Во время этих переговоров составилось мнение, что великий князь Николай должен быть провозглашен на съезде главой «широкого национального фронта». Поддерживая созыв съезда и заявив о подчинении великому князю, врангелевцы тем не менее уверяли, что они стоят вне политики и поэтому отказываются от представительства на съезде армии и офицерских организаций4.
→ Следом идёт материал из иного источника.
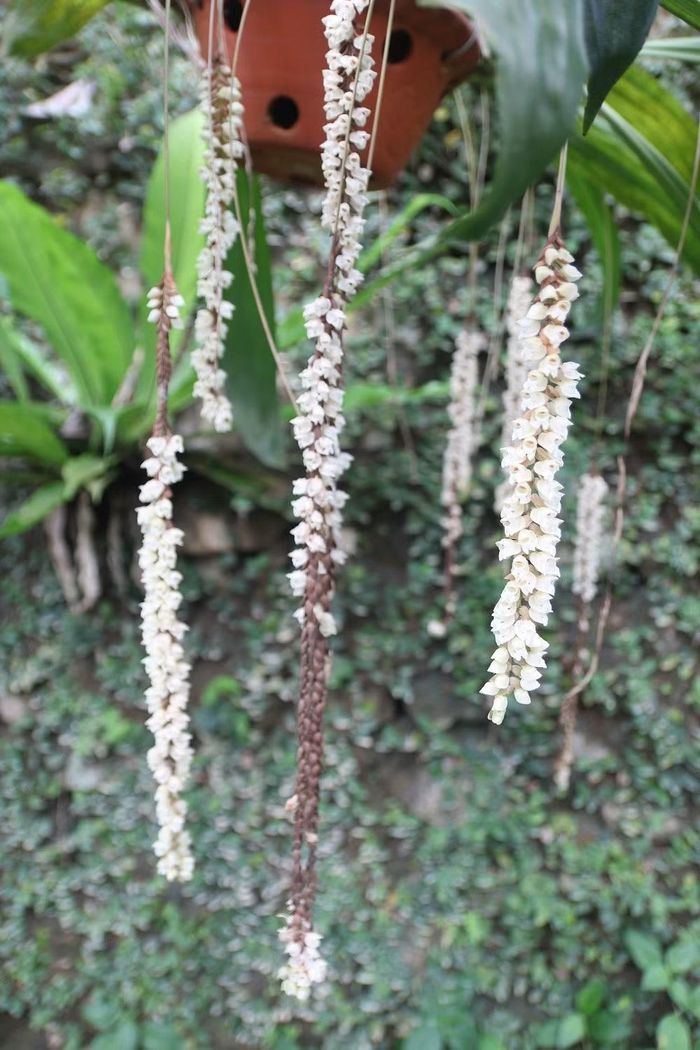 Một giò lan rừng đang trổ hoa.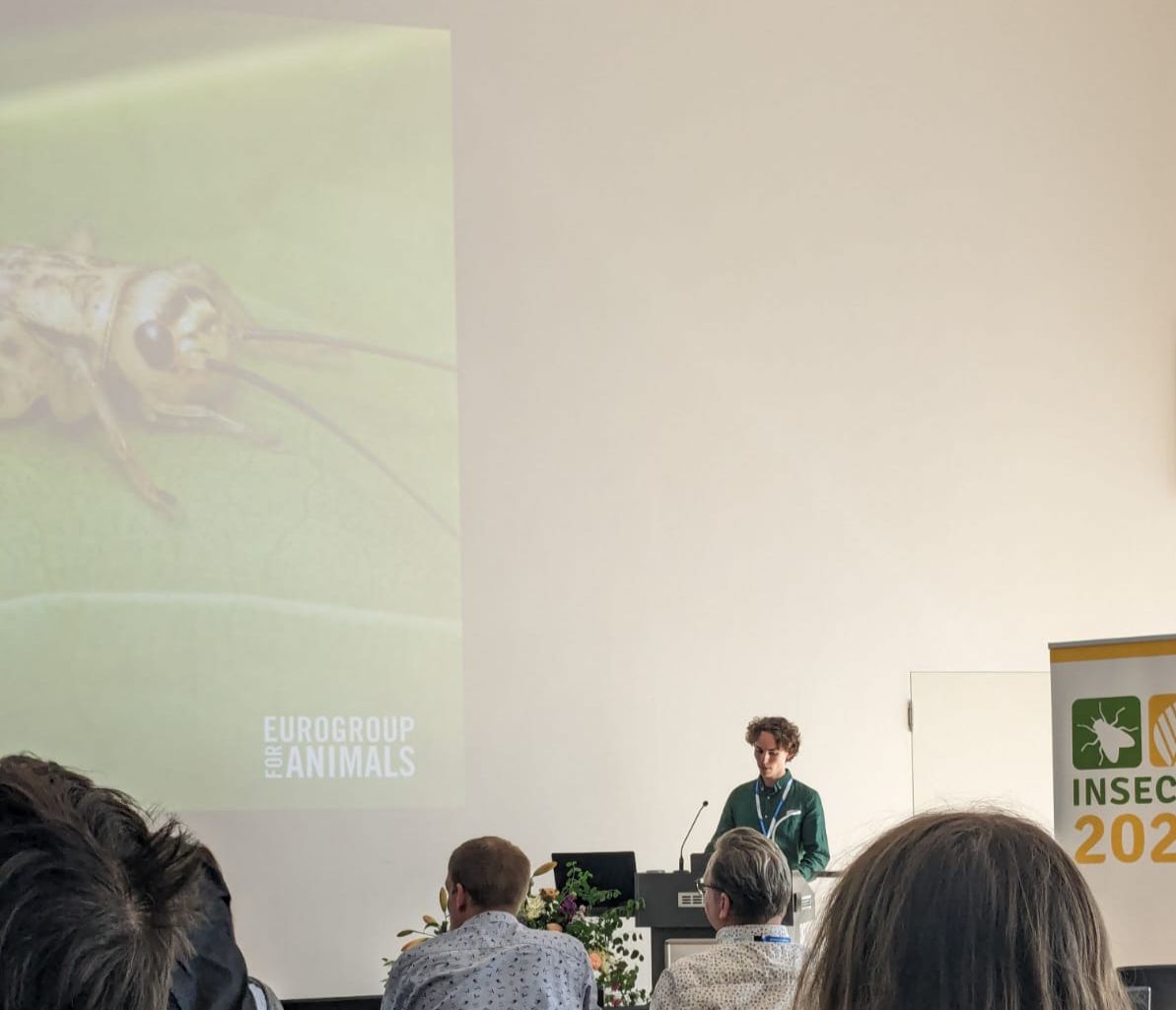 Our political adviser for insect farming, Francis Maugère speaks at the #Insecta2024 conference to share our Scientific Declaration on Insects Sentience and Welfare (bit.ly/3SIgLBU), and discuss the issue of welfare on insect farms with producers and researchers. 👏🦗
Позже был создан оргкомитет по подготовке съезда. В него вошли 72 члена, представлявших разные монархические организации, Национальный комитет, Торгпром. Председателем оргкомитета стал П. Б. Струве. Жизненный путь его достаточно хорошо известен: легальный марксист, потом веховец, правый кадет, монархист, врангелевский министр иностранных дел. Как-то в своем кругу Струве говорил о главном в своей жизни, что хотел бы завещать сыновьям. Оказывается, это была гордость за участие в «белом движении»5. И не случайно именно П. Б. Струве возглавил новую эмигрантскую газету, созданную /112/ в 1925 г. на деньги бывшего нефтепромышленника А. О. Гукасова. Само название газеты — «Возрождение» — стало синонимом особой «возрожденческой» философии, пронизанной духом «белой борьбы» и реставрации. На страницах этой газеты широко освещались подготовка к зарубежному съезду, организация выборов, ход его заседаний. В листовке, распространявшейся среди русских эмигрантов, оргкомитет объявлял, что «цель съезда — сплочение воедино всех действенных русских сил во имя освобождения России от ига III Интернационала…». Затем следовал призыв стать участниками фонда российского зарубежного съезда, «не стесняясь размерами своих даяний». Оргкомитет выражал надежду, что все препятствия на пути к созыву съезда будут преодолены6.